Staff members have the opportunity to work under and learn from extremely talented high school and college head coaches. In addition, staff members have the added pleasure of meeting other motivated college peers from all over the United States and the world.
This opportunity is a great resumé builder for those majoring in education, physical education, child psychology, outdoor and recreation fields of study. Given the structure of our program, some schools have even accepted internship hours. Ask your advisor for more information.
Camp Winadu is located in the Berkshire Mountains of Western Massachusetts. The camp has wonderful facilities many of which are available to staff during time off. Evening basketball leagues take place in the Winadome and use of the free weights is available daily in our Strength and Conditioning Facility. Internet access is available in the Staff Lounge as well.
There are a variety of things to do on your time off. We are located just under 3 hours from both Boston and New York City. Staff members often enjoy exploring on their days off. Other common attractions include the Basketball Hall of Fame and Six Flags Amusement Park.
Summer Camp Info
Camp Winadu is a seven week summer sports camp for boys. Approximately 100 counselors live in the cabins with the campers. We also have an experienced administrative staff. The camp has a full office staff, kitchen and dining hall staff and infirmary staff consisting of five nurses and a doctor.

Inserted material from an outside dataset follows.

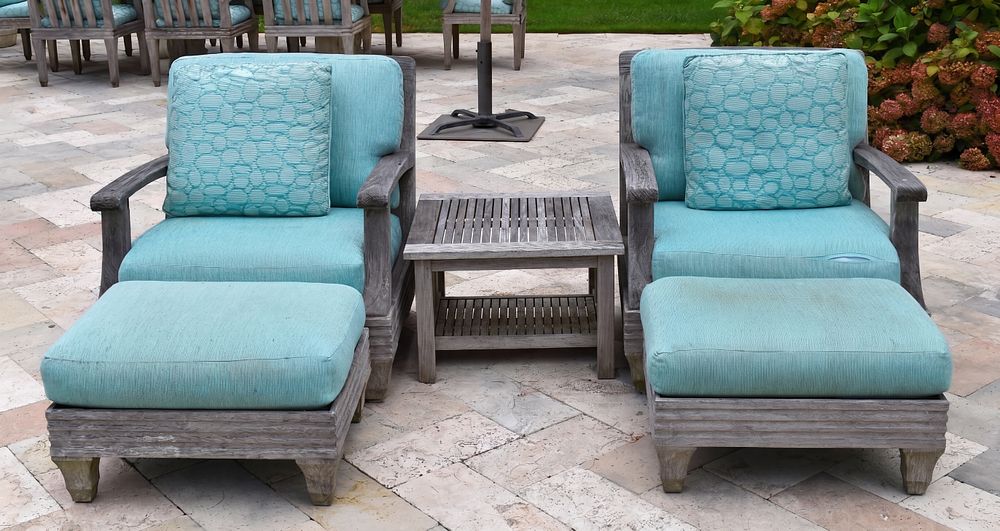 Lot 12951: Pair Of Giati Teak Club Chairs And Ottomans With Barlow Tyrie Side Table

Our staff members come from all over the US and Canada, as well as from overseas countries, including Australia, New Zealand and England. Each staff member has completed at least one year of college. Many of these staff members are studying in an education or recreation related program in school. However, this is by no means a precondition for employment.
The camp is located in Pittsfield, Massachusetts, in the very western part of the state. We are approximately 2 1/2 hours by car to both New York City and Boston, MA. Other nearby attractions include the Basketball Hall of Fame in Springfield, MA (1-1/2 hours away) and the Baseball Hall of Fame in Cooperstown, NY (3 hours away). Staff have an opportunity to visit these places on one of their days off. Local rental car companies offer discounts to staff members and, by carpooling, staff can inexpensively enjoy all that our area has to offer.
Most of our campers are from the NY/NJ metropolitan area. Others travel to camp from Florida, California and even from as far away as the Dominican Republic. Campers come from a variety of families who are looking for a safe place for their son(s) to grow and learn, both as individuals and as athletes. Winadu provides them with a warm, nurturing environment that has a truly professional sports program.
A typical cabin set up at Winadu has 8-12 boys (depending on age) living with 2-3 staff members. The cabins are modern, but staff must understand that they will be physically in the same room as a group of campers during the summer so that privacy is at a minimum.
Counselors arrive prior to camp for orientation, a program where staff learn the “ins and outs” of Winadu. During this time staff are assigned to the age group and cabin unit where they will live during the summer. This is also a time when counselors are given many tools and ideas to use when dealing with camper issues during the summer.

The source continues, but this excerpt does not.